- Exercise objective -
In the records, find every line with the word "there" and copy it out.

- Dataset entries -
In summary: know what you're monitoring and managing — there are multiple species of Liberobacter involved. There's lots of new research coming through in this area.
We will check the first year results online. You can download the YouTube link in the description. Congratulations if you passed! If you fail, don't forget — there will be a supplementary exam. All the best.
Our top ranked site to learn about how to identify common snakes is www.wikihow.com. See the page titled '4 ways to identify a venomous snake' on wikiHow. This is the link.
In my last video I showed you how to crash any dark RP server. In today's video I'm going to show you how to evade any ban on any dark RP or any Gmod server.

--

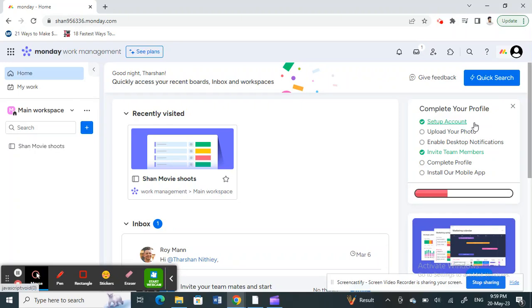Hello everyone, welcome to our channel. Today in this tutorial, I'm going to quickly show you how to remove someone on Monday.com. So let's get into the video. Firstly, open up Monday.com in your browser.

==

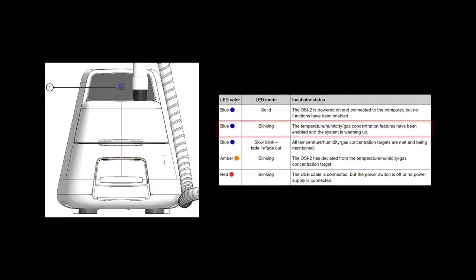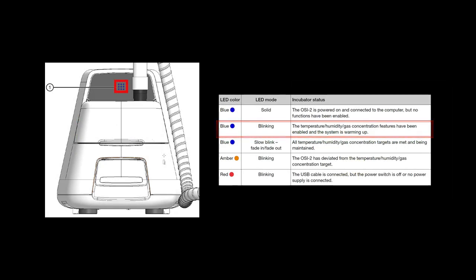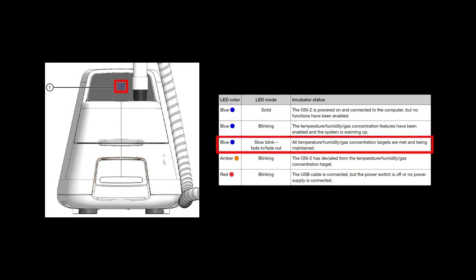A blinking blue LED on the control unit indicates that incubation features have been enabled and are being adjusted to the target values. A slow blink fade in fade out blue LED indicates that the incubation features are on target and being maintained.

- Response to the exercise -
In summary: know what you're monitoring and managing — there are multiple species of Liberobacter involved. There's lots of new research coming through in this area.
We will check the first year results online. You can download the YouTube link in the description. Congratulations if you passed! If you fail, don't forget — there will be a supplementary exam. All the best.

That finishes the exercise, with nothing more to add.